Given data section start

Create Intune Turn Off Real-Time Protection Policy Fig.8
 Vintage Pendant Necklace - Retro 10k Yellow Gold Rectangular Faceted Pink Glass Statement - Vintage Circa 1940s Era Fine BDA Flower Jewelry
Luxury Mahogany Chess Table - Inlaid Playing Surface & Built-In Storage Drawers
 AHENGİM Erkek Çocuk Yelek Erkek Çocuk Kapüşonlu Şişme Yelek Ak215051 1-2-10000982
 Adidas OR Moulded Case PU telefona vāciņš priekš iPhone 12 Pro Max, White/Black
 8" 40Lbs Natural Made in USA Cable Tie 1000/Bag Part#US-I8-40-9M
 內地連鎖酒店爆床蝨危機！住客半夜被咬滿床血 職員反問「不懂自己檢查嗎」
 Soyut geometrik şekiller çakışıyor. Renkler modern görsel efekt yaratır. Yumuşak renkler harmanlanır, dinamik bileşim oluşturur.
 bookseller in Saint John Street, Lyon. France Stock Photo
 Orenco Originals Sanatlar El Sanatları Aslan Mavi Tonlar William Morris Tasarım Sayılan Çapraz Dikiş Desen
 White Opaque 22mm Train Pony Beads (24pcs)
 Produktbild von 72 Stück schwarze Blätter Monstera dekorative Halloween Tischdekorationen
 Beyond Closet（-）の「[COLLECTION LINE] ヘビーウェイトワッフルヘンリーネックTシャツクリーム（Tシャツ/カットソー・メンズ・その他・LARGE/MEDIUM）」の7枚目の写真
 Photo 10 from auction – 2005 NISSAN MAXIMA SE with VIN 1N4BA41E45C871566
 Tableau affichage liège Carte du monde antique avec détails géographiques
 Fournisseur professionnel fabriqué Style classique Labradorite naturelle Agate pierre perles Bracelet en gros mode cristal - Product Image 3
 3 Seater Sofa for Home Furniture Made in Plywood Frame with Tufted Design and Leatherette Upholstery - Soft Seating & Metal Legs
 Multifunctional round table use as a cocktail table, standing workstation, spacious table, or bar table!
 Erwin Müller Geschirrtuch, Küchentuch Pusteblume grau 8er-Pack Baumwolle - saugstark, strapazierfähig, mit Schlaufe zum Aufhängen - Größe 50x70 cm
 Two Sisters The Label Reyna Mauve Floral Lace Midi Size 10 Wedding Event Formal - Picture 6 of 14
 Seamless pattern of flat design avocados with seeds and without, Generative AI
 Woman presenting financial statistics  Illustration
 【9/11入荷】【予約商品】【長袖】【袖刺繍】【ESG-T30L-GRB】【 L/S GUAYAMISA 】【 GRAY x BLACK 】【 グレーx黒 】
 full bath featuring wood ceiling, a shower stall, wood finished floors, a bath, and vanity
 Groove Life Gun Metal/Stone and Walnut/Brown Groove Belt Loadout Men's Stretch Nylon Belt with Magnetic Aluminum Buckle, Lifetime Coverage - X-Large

Given data section end

## [Work item]
Give an exact copy of the lines above, from the top of the records to the line that contains "Photo 10 from", taking in both ends.

## [Solution for this exercise]
Create Intune Turn Off Real-Time Protection Policy Fig.8
 Vintage Pendant Necklace - Retro 10k Yellow Gold Rectangular Faceted Pink Glass Statement - Vintage Circa 1940s Era Fine BDA Flower Jewelry
Luxury Mahogany Chess Table - Inlaid Playing Surface & Built-In Storage Drawers
 AHENGİM Erkek Çocuk Yelek Erkek Çocuk Kapüşonlu Şişme Yelek Ak215051 1-2-10000982
 Adidas OR Moulded Case PU telefona vāciņš priekš iPhone 12 Pro Max, White/Black
 8" 40Lbs Natural Made in USA Cable Tie 1000/Bag Part#US-I8-40-9M
 內地連鎖酒店爆床蝨危機！住客半夜被咬滿床血 職員反問「不懂自己檢查嗎」
 Soyut geometrik şekiller çakışıyor. Renkler modern görsel efekt yaratır. Yumuşak renkler harmanlanır, dinamik bileşim oluşturur.
 bookseller in Saint John Street, Lyon. France Stock Photo
 Orenco Originals Sanatlar El Sanatları Aslan Mavi Tonlar William Morris Tasarım Sayılan Çapraz Dikiş Desen
 White Opaque 22mm Train Pony Beads (24pcs)
 Produktbild von 72 Stück schwarze Blätter Monstera dekorative Halloween Tischdekorationen
 Beyond Closet（-）の「[COLLECTION LINE] ヘビーウェイトワッフルヘンリーネックTシャツクリーム（Tシャツ/カットソー・メンズ・その他・LARGE/MEDIUM）」の7枚目の写真
 Photo 10 from auction – 2005 NISSAN MAXIMA SE with VIN 1N4BA41E45C871566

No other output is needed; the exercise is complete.